> [Dataset records]:
——————————

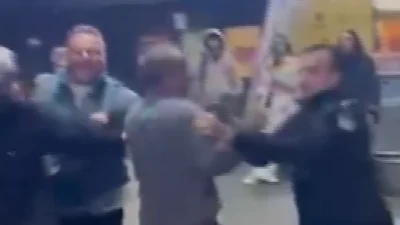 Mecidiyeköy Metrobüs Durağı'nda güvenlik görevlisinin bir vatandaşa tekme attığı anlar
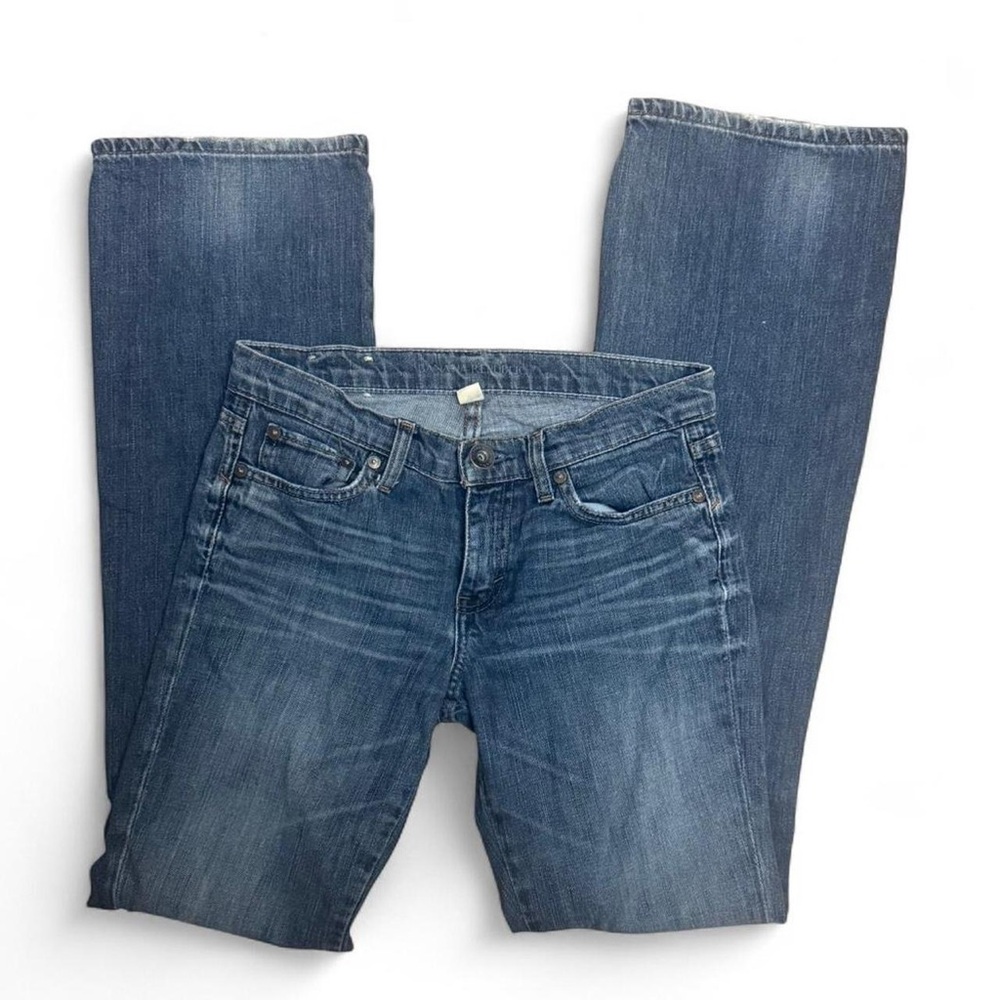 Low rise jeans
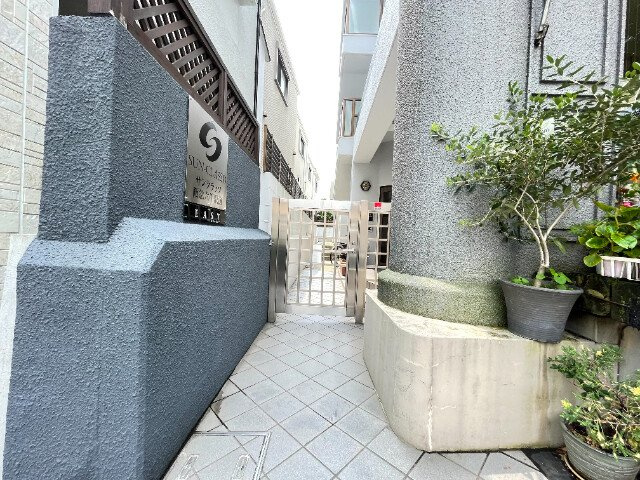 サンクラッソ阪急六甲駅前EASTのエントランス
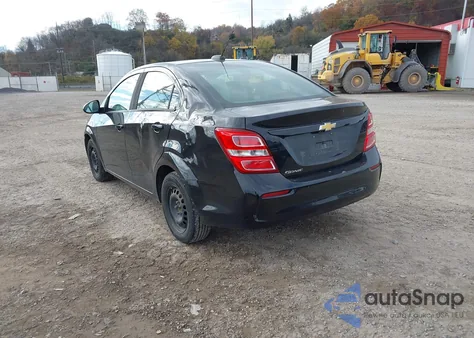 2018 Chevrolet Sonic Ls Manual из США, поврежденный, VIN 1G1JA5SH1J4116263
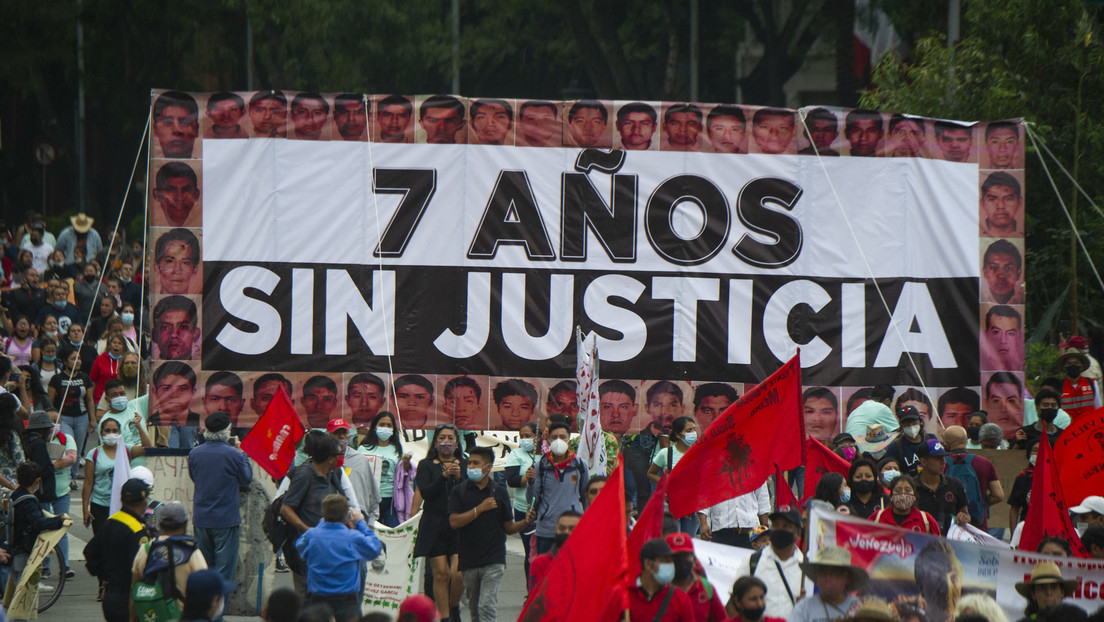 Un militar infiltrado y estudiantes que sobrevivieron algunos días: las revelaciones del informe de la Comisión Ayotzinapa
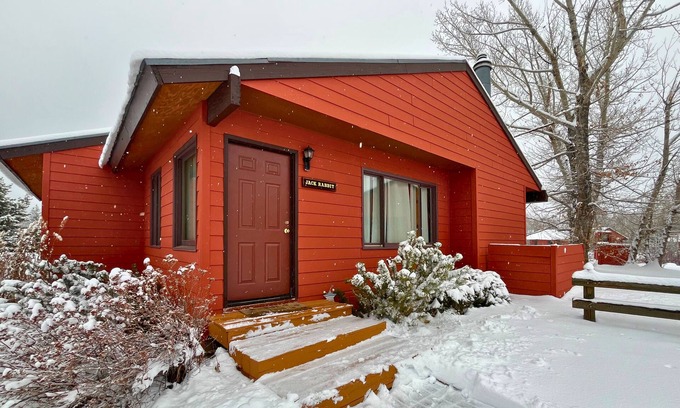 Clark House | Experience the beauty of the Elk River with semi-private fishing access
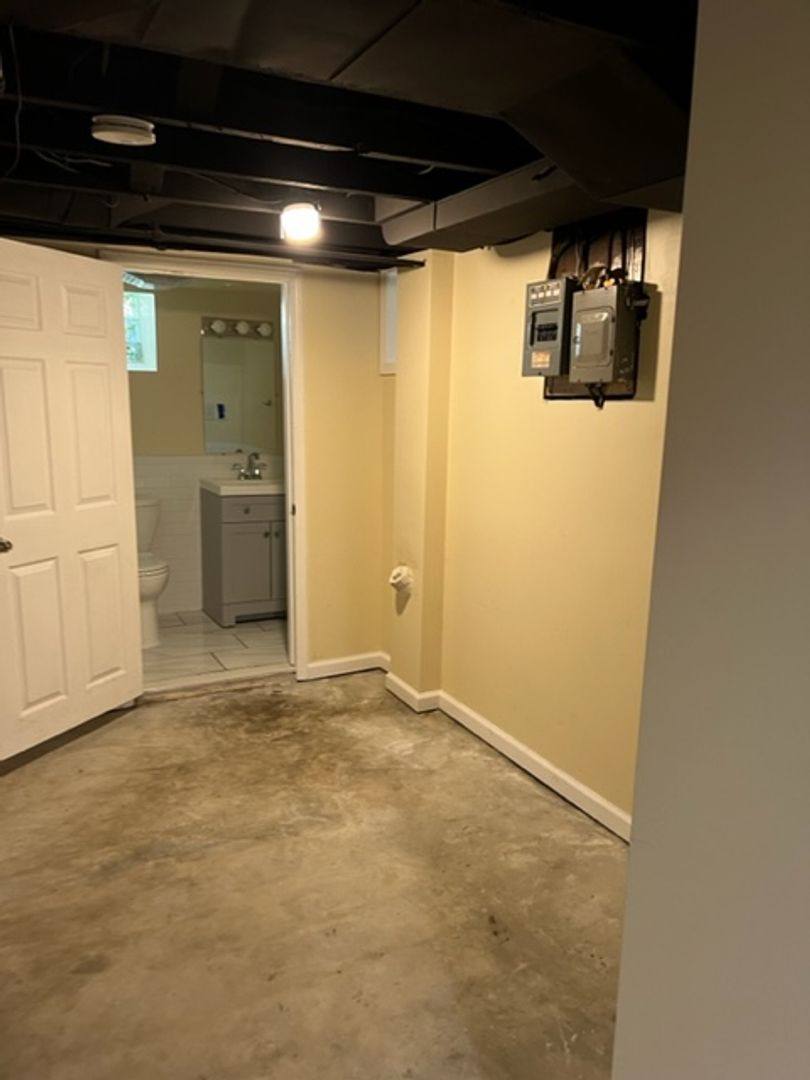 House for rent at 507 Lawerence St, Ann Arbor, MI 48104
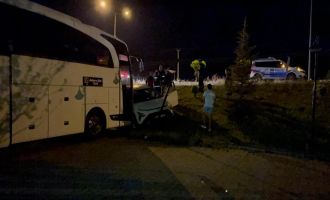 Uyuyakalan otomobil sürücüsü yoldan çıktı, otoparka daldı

——————————

> [WHAT THE TASK REQUIRES]: Here the job is to print all the data exactly, skipping any image.

> [RESPONSE TO THE EXERCISE]:
 Mecidiyeköy Metrobüs Durağı'nda güvenlik görevlisinin bir vatandaşa tekme attığı anlar
 Low rise jeans
 サンクラッソ阪急六甲駅前EASTのエントランス
 2018 Chevrolet Sonic Ls Manual из США, поврежденный, VIN 1G1JA5SH1J4116263
 Un militar infiltrado y estudiantes que sobrevivieron algunos días: las revelaciones del informe de la Comisión Ayotzinapa
 Clark House | Experience the beauty of the Elk River with semi-private fishing access
 House for rent at 507 Lawerence St, Ann Arbor, MI 48104
 Uyuyakalan otomobil sürücüsü yoldan çıktı, otoparka daldı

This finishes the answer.